DIRECTIONS FOR THIS TASK
Whenever a picture appears in the listing below, leave it out, and copy exactly the lines from the one containing "Snapshot of thiagos19" through the end.

MATERIAL FOR THIS EXERCISE

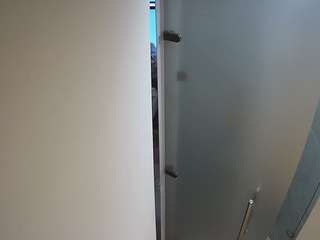 voyeurcam-casa-salsa-shower-1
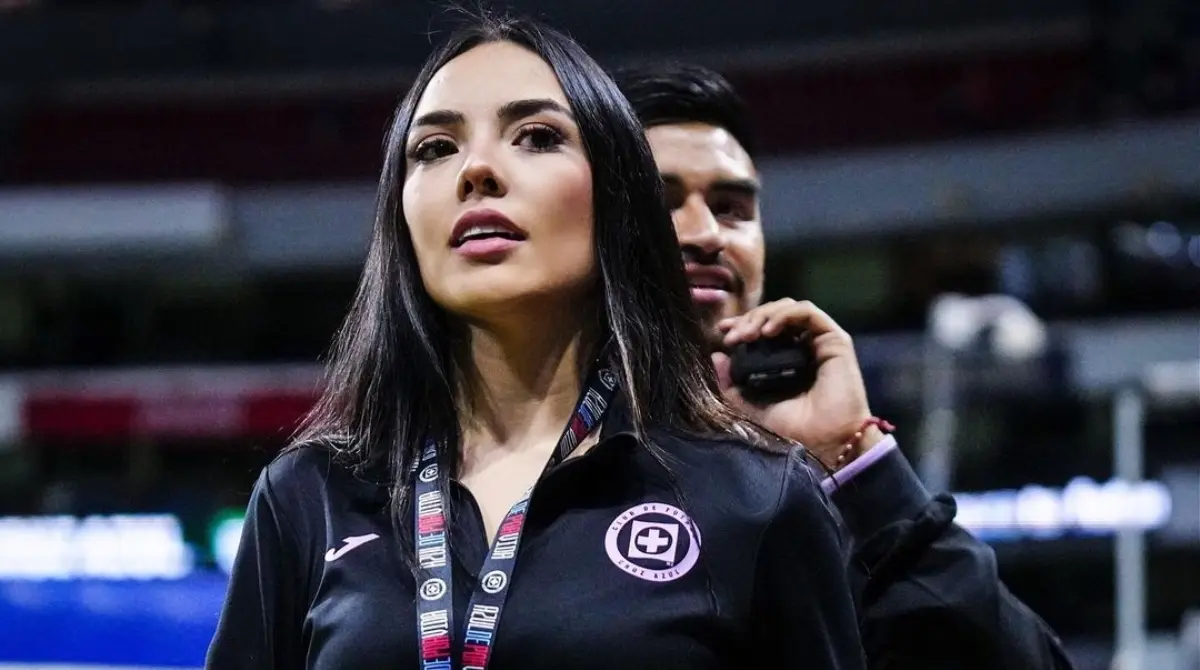 La oportunidad de ser parte de Cruz Azul se dio gracias a su directora de universidad, la cual le compartió información acerca de un 'concurso' de locución dentro del club.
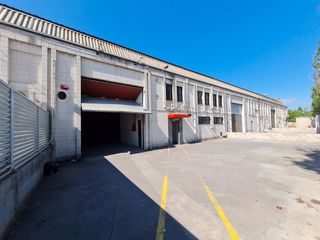 Nave industrial en Centre - Estació. Alquiler con opción compra
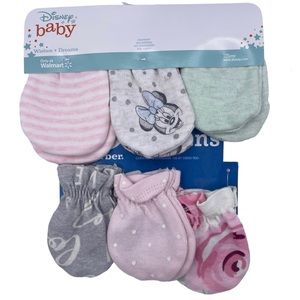 Bundle of 6piece mittens baby girl One Size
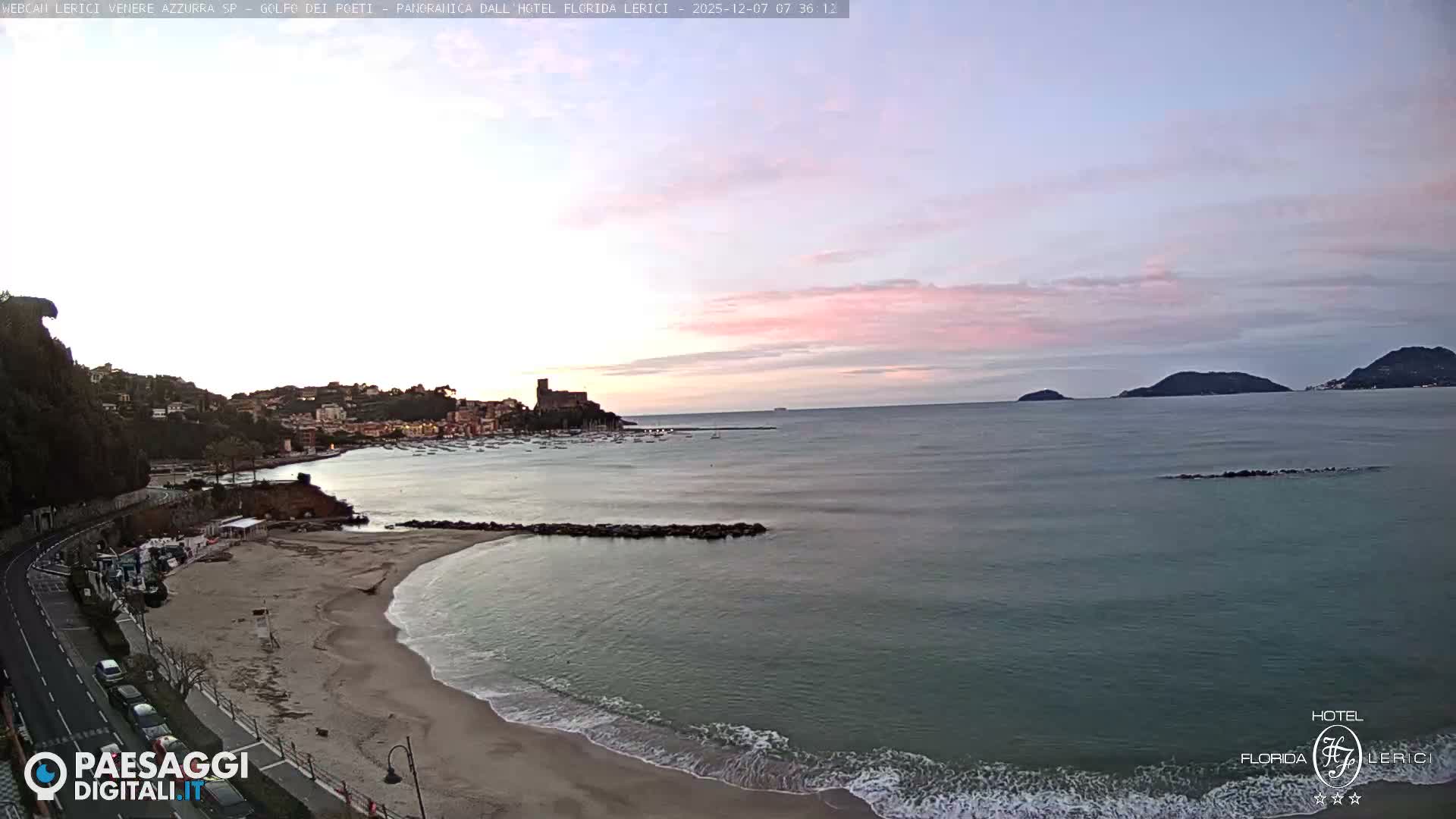 Lerici Venere Azzurra Beach Live Cam - La Spezia, Liguria, Italy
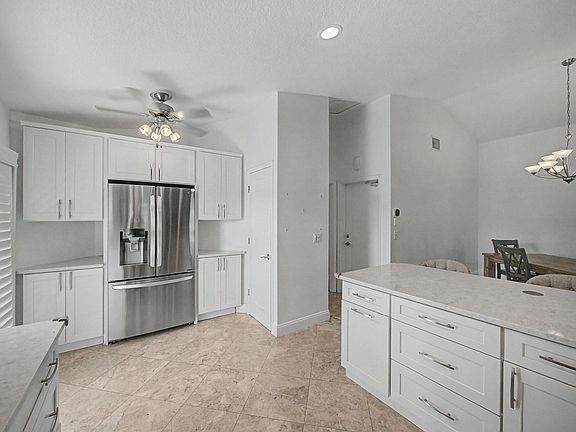 5th image of 10109 Oak Bark Lane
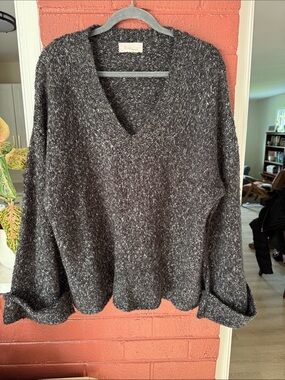 Anthropologie Charcoal Speckled Oversized V-Neck Cuff Sleeve Sweater Small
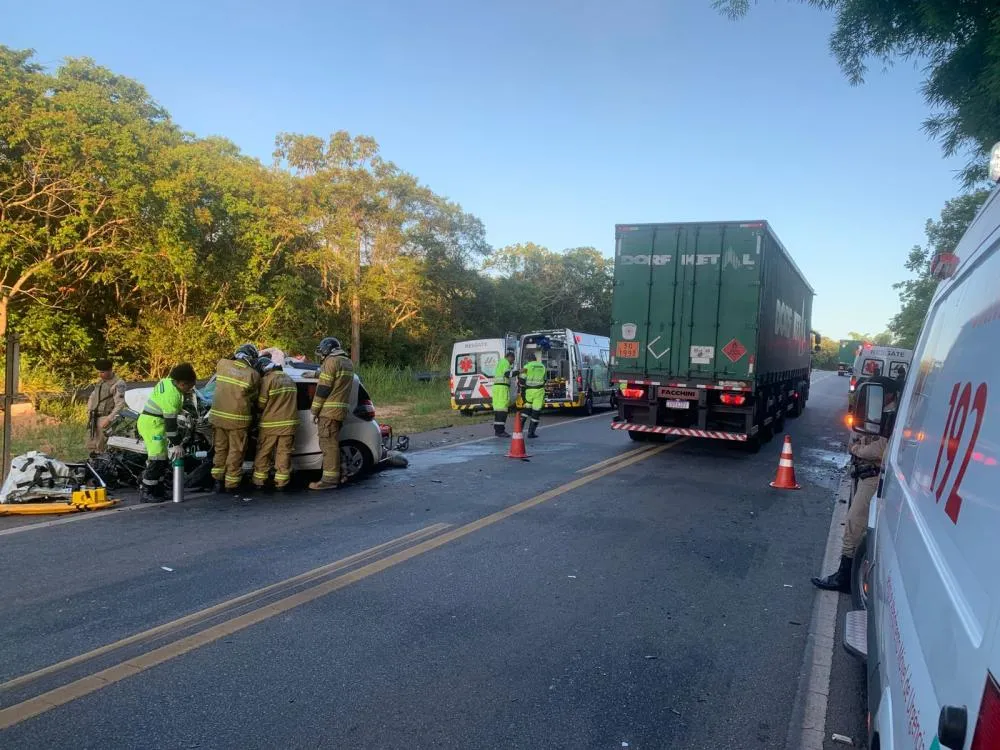 Colisão entre carros deixa duas pessoas em estado grave na BA-093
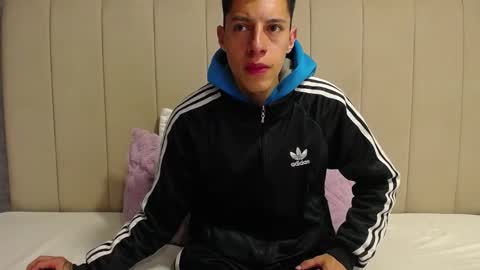 Snapshot of thiagos19 chatting on March 10, 2025, 9:40 pm Thiago online show from March 10, 2025, 9:40 pm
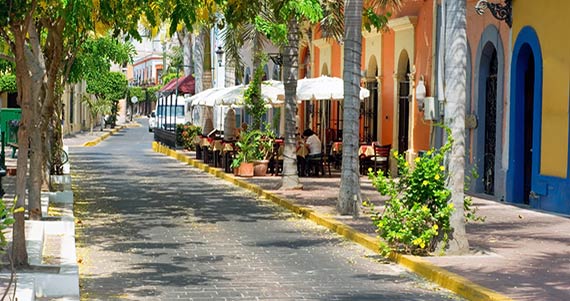 SOUNDTRACK: Ernesto Hernández Norzagaray "para conocer rincones de Mazatlán"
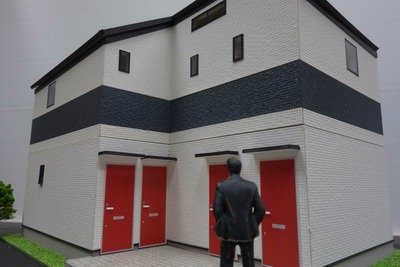 建築模型のおっさん 模型 1/50 建物模型 大工が模型を見る /建築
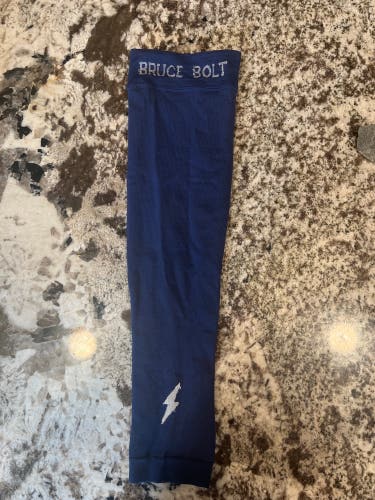 Bruce Bolt Navy Arm sleeve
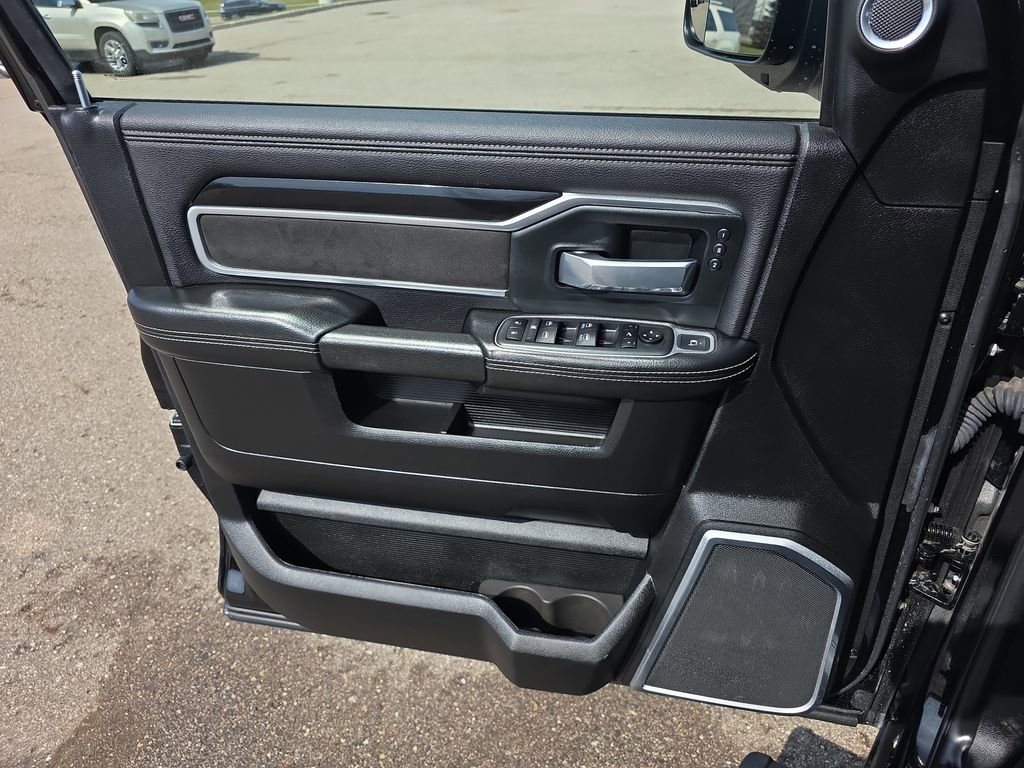 Used 2020 RAM 3500 Laramie image 26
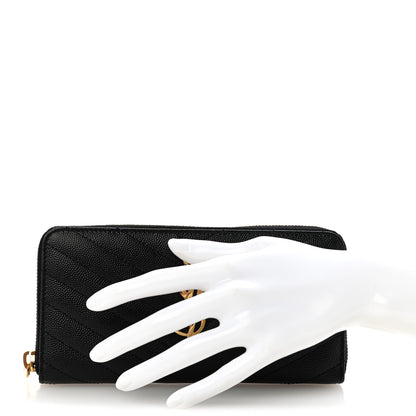 Saint Laurent Grain De Poudre Matelasse Chevron Monogram Zip Around Wallet Black 2 of 10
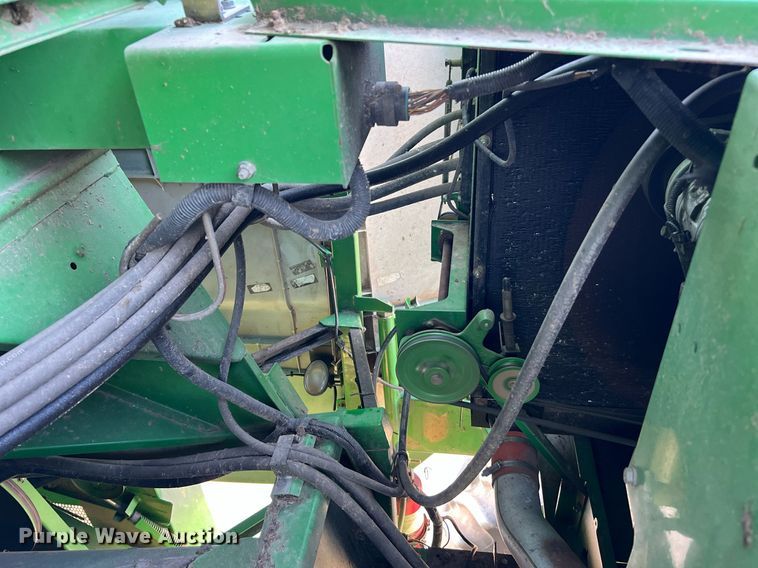 image for item DQ2161 2005 John Deere 9860 STS  combine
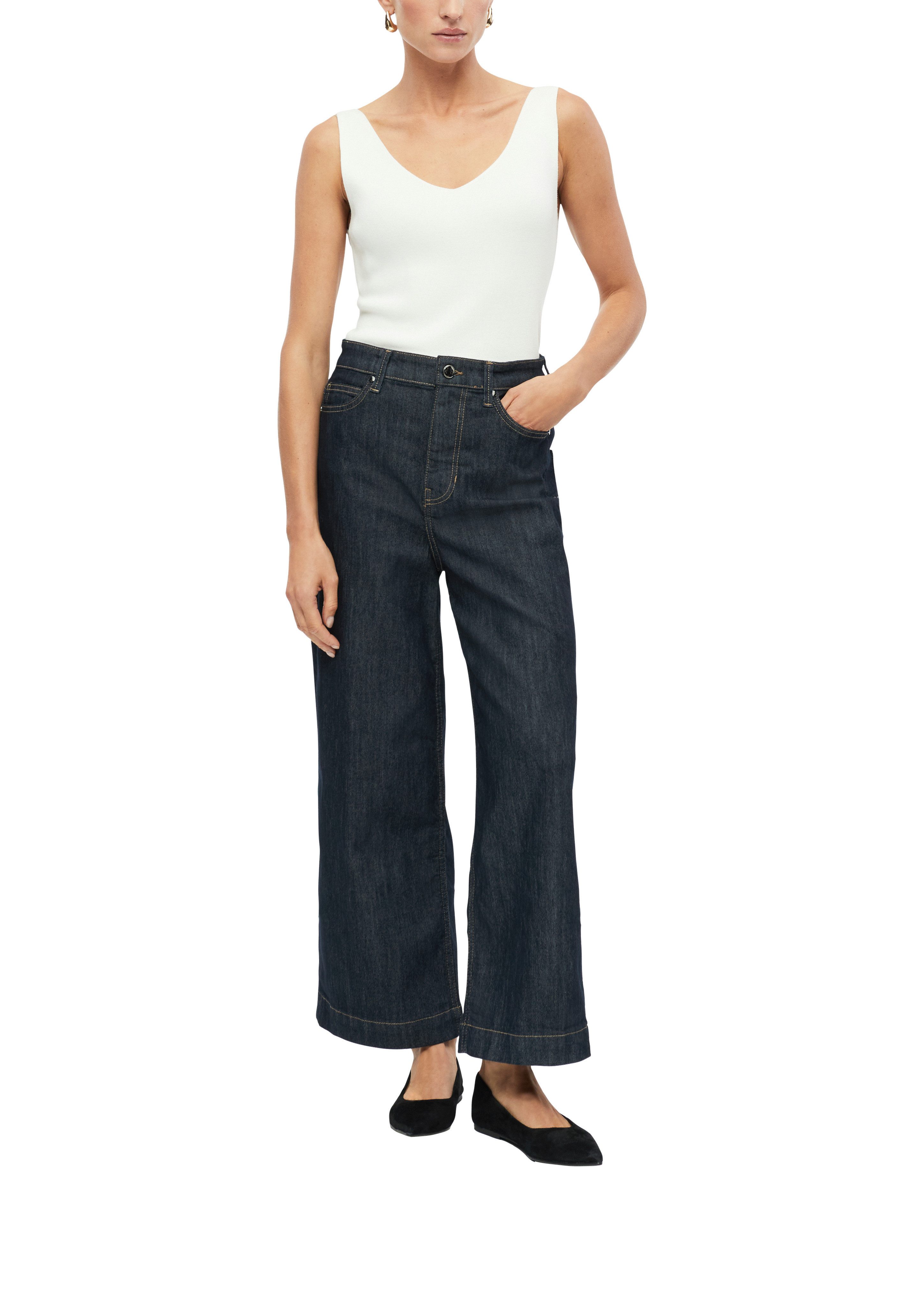 s.Oliver BLACK LABEL Weite Jeans Style Suri mit Stretch – Bild 3 von 4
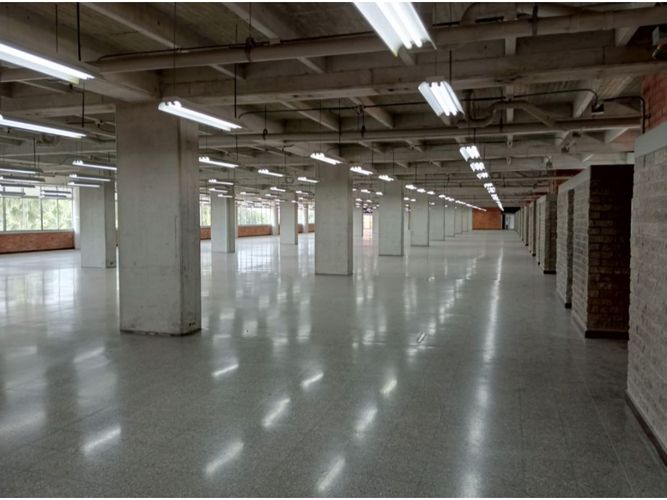 Local en arriendo en Shellmar, Medellín, 1940 m² · foto 3 de 3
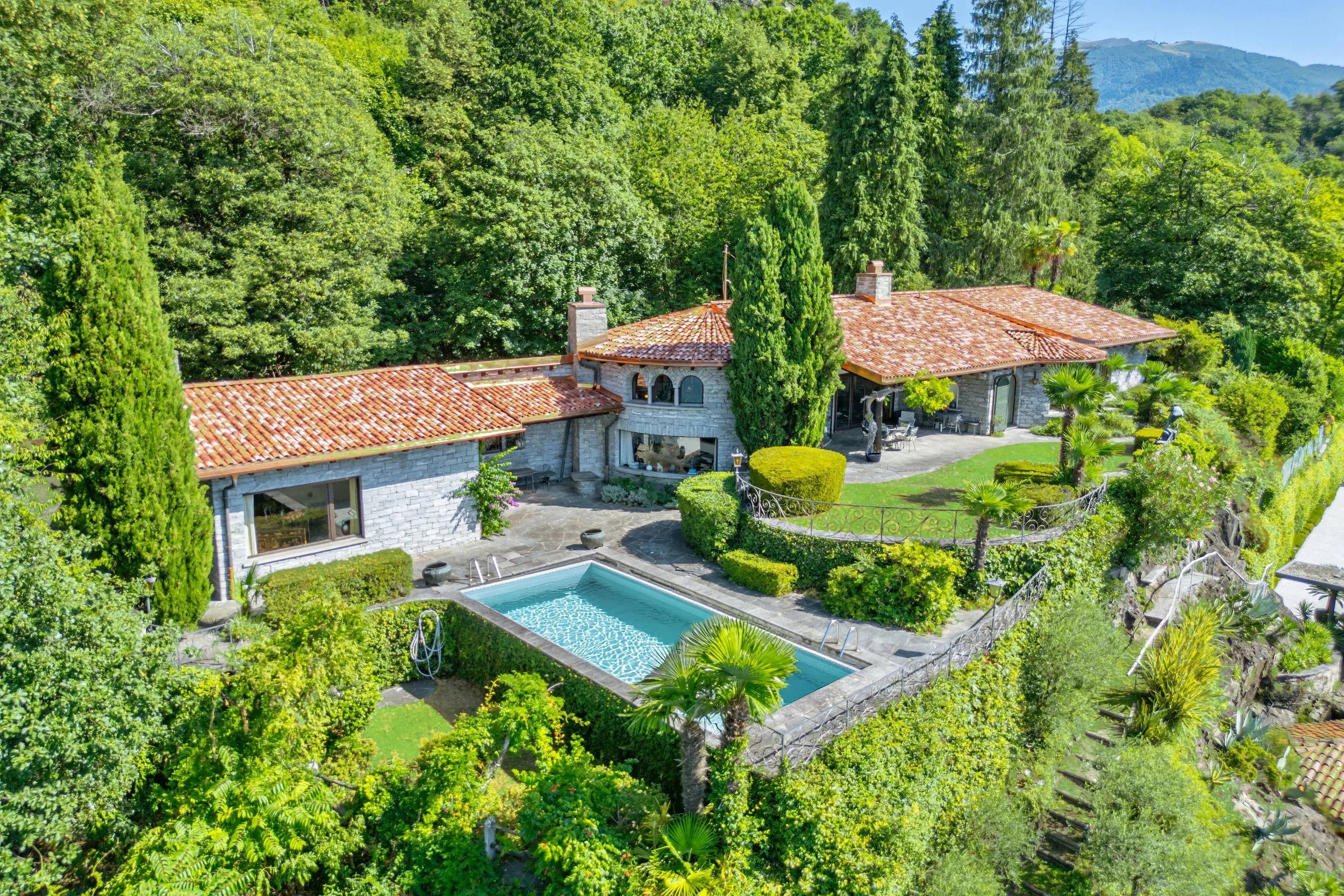 Molta privacy e spazi generosi - Villa esclusiva a Ronco sopra Ascona con vista mozzafiato sul Lago Maggiore, ideale anche per le vacanze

WRITTEN SOLUTION
 Snapshot of thiagos19 chatting on March 10, 2025, 9:40 pm Thiago online show from March 10, 2025, 9:40 pm
 SOUNDTRACK: Ernesto Hernández Norzagaray "para conocer rincones de Mazatlán"
 建築模型のおっさん 模型 1/50 建物模型 大工が模型を見る /建築
 Bruce Bolt Navy Arm sleeve
 Used 2020 RAM 3500 Laramie image 26
 Saint Laurent Grain De Poudre Matelasse Chevron Monogram Zip Around Wallet Black 2 of 10
 image for item DQ2161 2005 John Deere 9860 STS  combine
 s.Oliver BLACK LABEL Weite Jeans Style Suri mit Stretch – Bild 3 von 4
 Local en arriendo en Shellmar, Medellín, 1940 m² · foto 3 de 3
 Molta privacy e spazi generosi - Villa esclusiva a Ronco sopra Ascona con vista mozzafiato sul Lago Maggiore, ideale anche per le vacanze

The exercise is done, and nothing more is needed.